# Testing whether the following integral converges

Determine whether the following integral converges or diverges: $$I=\int_0^\infty\frac{x^{80}+\sin(x)}{\exp(x)}\,dx.$$

Since $$0\overset{?}{<}\frac{x^{80}+\sin(x)}{e^x}\leq\frac{x^{80}+1}{e^x}\sim\frac{x^{80}}{e^x}$$

and if we let $$f(x)=x^{80}/e^x$$ and $$g(x)= \sqrt{x}\,e^{-\sqrt{x}}\,$$ we have that $$\lim_{x\to\infty}\frac{f(x)}{g(x)}=0$$ therefore if $$\int_0^\infty g(x)\,dx$$ converges so does $$I$$. But $$\int_0^\infty\sqrt{x}\,e^{-\sqrt{x}}\,dx\to {\small{\begin{bmatrix}&u=\sqrt{x}&\\&du=\frac{1}{2\sqrt{x}}dx&\end{bmatrix}}} \to\int_0^\infty e^{-u}\,du=1.$$ Thus $$I$$ does converge.

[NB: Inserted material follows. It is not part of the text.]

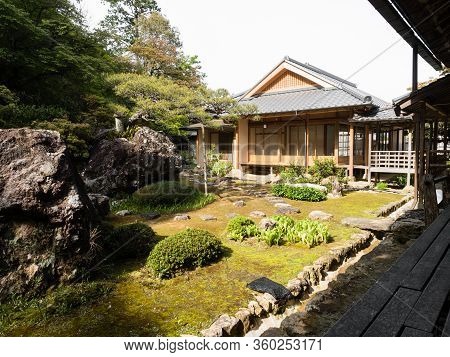 Kochi, Japan - April 6, 2018: Traditional Japanese Garden On The Grounds Of Chikurinji, Temple Numbe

Now, the limit used above is not too trivial to show that it is $$0$$. Intuitively, it is easy to see why, but on a more rigorous aspect, L'Hôpital's Rule here would get messy. Thus, my question, is there a more straightforward way to show that the above integral converges?

• Better if you compare with $g(x)=e^{-x/2}$. Commented Nov 12, 2018 at 22:26
• Yes you are right. No idea how I missed that. Thank you! Commented Nov 12, 2018 at 22:30
• Also, the substitution you made wasn't right. Actually, you should have got $$\int_0^\infty 2u^2e^{-u}du,$$ (which is convergent indeed, since it's equal to $2\Gamma(3)=2\cdot 2!=4$.) Commented Nov 12, 2018 at 22:35
• $$\int_0^\infty (x^{80}e^{-x}+\sin(x)e^{-x})\,dx=80! +0.5$$ Commented Nov 12, 2018 at 22:38
• L'Hopital's rule is simply enough with $f(x)=x^{80}$ and $g(x)=e^x$. Keep taking derivatives and the numerator ends up as a constant $80!$, while the denominator remains $e^x$. The integral is obviously convergent. Commented Nov 12, 2018 at 22:44

The term $$\sin x\,e^{-x}$$ obviously converges.

Now by the Taylor development,

$$e^x>\frac{x^{82}}{82!}$$ and

$$x^{80}e^{-x}<82!\,x^{-2},$$ which has a convergent integral.

Is there a more straightforward way to show that the above integral converges?

We can actually evaluate the integral of interest. Note that we have

\begin{align} \int_0^\infty (x^{80}+\sin(x))e^{-x}\,dx&=\int_0^\infty x^{80}e^{-x}\,dx+ \int_0^\infty \sin(x)e^{-x}\,dx\\\\ &\Gamma(81)+\frac12\\\\ &=80!+0.5 \end{align}

There is no need for L'Hopital's Rule here. To show that $$\int_0^{\infty} \frac {x^{80}} {e^{x}}\, dx <\infty$$ note that $$\frac {x^{80}} {e^{x}} or $$x^{80} for $$x$$ sufficiently large: $$e^{x/2} > \frac {(x/2)^{100}} {100!} >x^{80}$$ if $$x^{20}>\frac {2^{100}} {100!}$$. Since $$e^{-x/2}$$ is integrable we are done.

As was pointed out in the comments, you could have simply use $$e^{x/2}$$. However even the function you have used can be proved in the limit. Start with dividing $$f(x)$$ by $$g(x)$$

$$\frac{f(x)}{g(x)} = \frac{x^{79.5}}{e^{\sqrt{x}}}$$

Now, generally we know that for any $$a$$, the limit $$x^a/e^x$$ as x tends to infinty is $$0$$. In this case, however, we have $$e^{\sqrt{x}}$$. Now if you start applying the $$L'Hôpital's Rule$$, you will see that this limit also degrades albeit at only half the exponential rate i.e. the numerator decreases by $$\sqrt{x}$$ every time.

For example, applying the rule for the first time will give you

$$2(79.5)\frac{x^{79.5 - 1}\sqrt{x}}{e^{\sqrt{x}}} = 2(79.5)\frac{x^{79}}{e^{\sqrt{x}}}$$

Here the numerator decreased by $$0.5$$ power of x whereas the denominator remained the same. So if you apply the rule sufficiently enough number of times, we'll get the limit as $$0$$.